You just described daily conversations with members of clandestine bodies. I wish him the best and hope that he takes advantage of the opportunity to join a legitimate masonic body.


----------



## bupton52 (May 18, 2014)

Also, that GL's name is Stringer GL not Stryker. LOL. @dfreybur


----------



## MBC (May 21, 2014)

dfreybur said:


> Slam dunk number three - In the blank was written in pen "St James".  No regular jurisdiction in the US has a name resembling that.  Mississippi PHA contains "Styker" and Florida contrains "Union" otherwise they are all variations on GL of State (with or without MW) or MW PHA GL of State (some jurisdictions cover more than one state).



Sorry to disturb, according to the UGLE(http://www.ugle.org.uk/about/foreign-grand-lodges), it seems these two GLs is not recognized by the UGLE. Can I ask why you said it is regular?


----------



## dfreybur (May 21, 2014)

MBC said:


> Sorry to disturb, according to the UGLE(http://www.ugle.org.uk/about/foreign-grand-lodges), it seems these two GLs is not recognized by the UGLE. Can I ask why you said it is regular?

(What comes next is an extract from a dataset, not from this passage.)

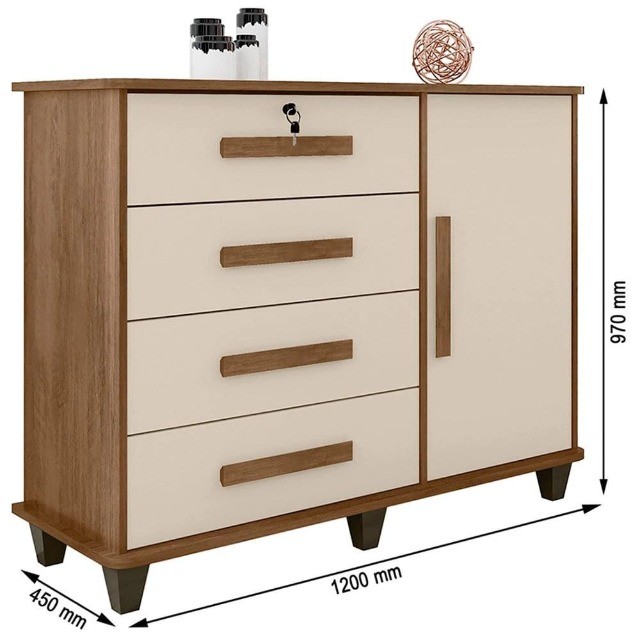 Cômoda Sapateira Grécia 4 Gavetas 1 Porta com Pés - Mega Promoção - Novo - Foto 2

That is the first place to look for recognition but recognition and regularity are not the same thing.  Regularity is necessary for recognition but recognition is not necessary for regularity.

The policy of the UGLE in the past has been to recognize each US PHA jurisdiction as they are recognized by the US state that shares their territory.  Incidentally they are several years behind in recognizing PHA Oklahoma.  It appears the topic is of low urgency to the UGLE.

Regularity is about valid traceable lineage.  Once it was established that MWPHAGLofCT was regular because it was descended from African 459's charter from the Premier GL of England, that established the regularity of other PHA jurisdictions with their own valid traceable lineage.  The link I posted gives a list of all such regular PHA jurisdictions.  Most have recognition some do not yet have recognition.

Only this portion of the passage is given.